__THE TASK__.
Write out again the lines from the line with "Niagara Power Station" up to and including the line with "Two Young Men", exactly as they stand below, and skip any picture.

__DATA LISTING__.
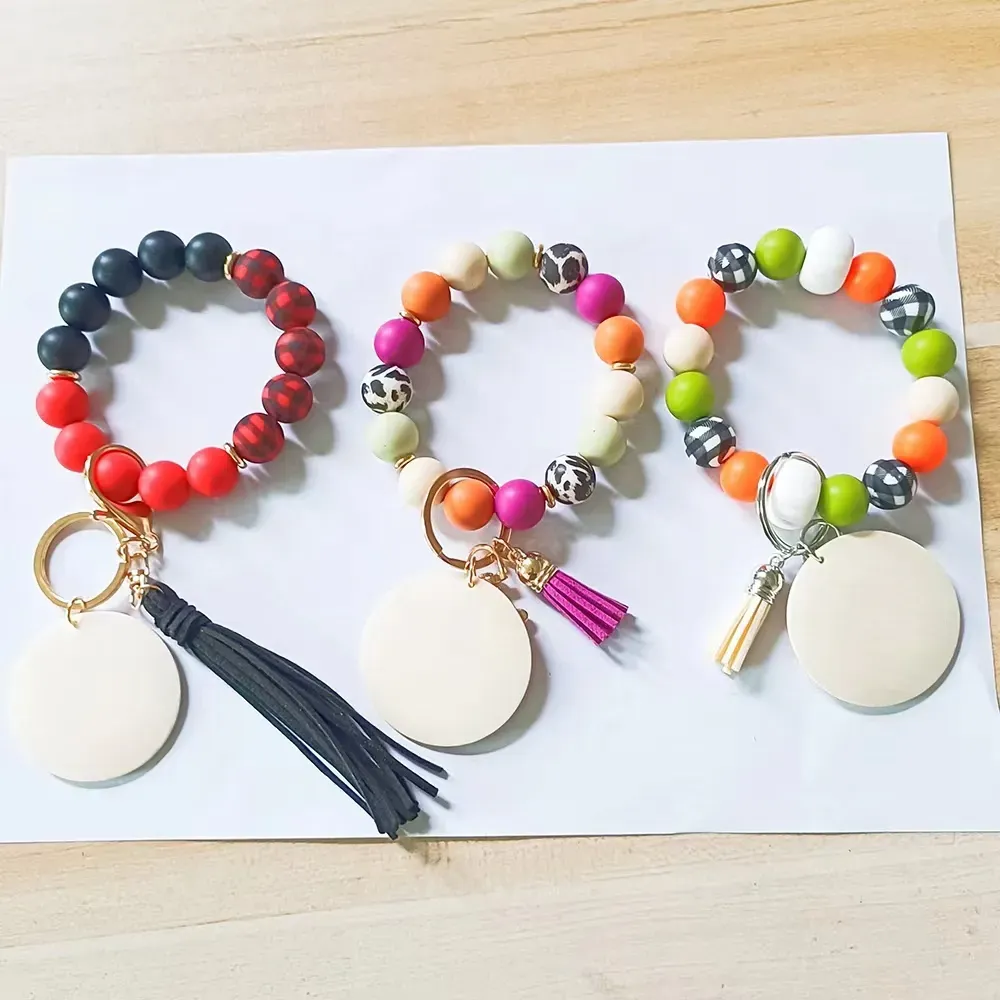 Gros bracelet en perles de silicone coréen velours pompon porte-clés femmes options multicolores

--

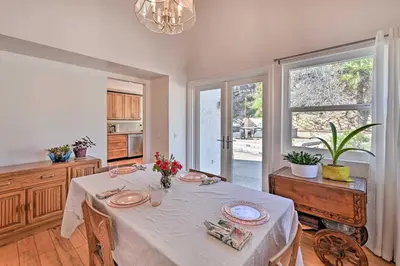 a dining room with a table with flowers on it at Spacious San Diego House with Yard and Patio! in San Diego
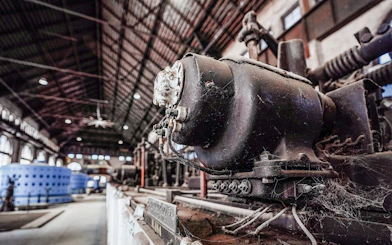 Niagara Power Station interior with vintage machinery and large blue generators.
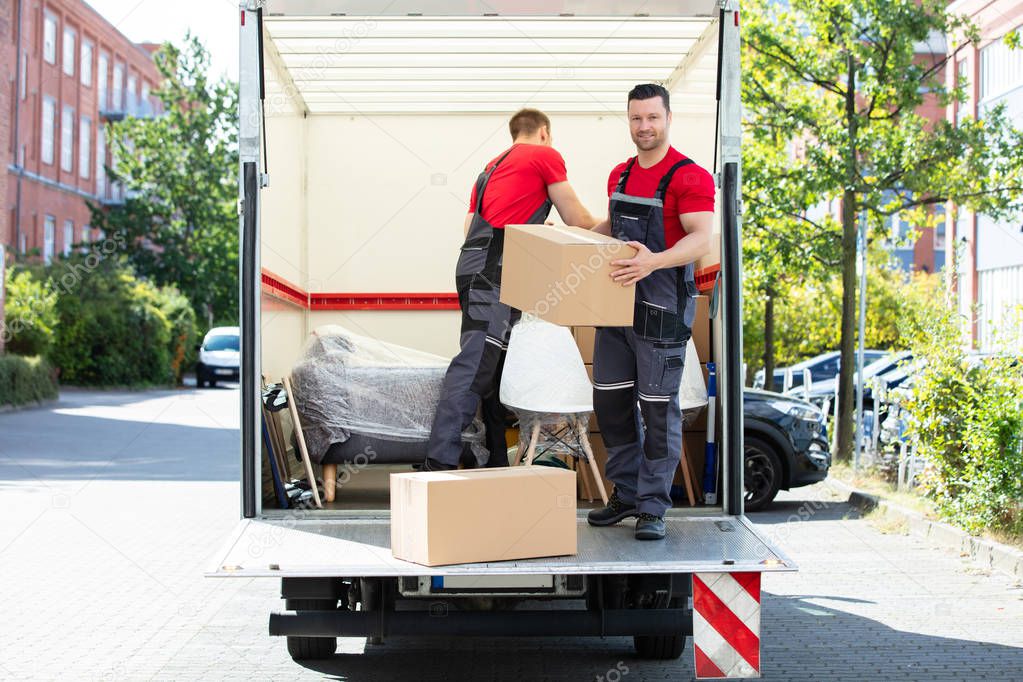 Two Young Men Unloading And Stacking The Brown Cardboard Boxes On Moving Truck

__OUTPUT FOR THIS EXERCISE__.
 Niagara Power Station interior with vintage machinery and large blue generators.
 Two Young Men Unloading And Stacking The Brown Cardboard Boxes On Moving Truck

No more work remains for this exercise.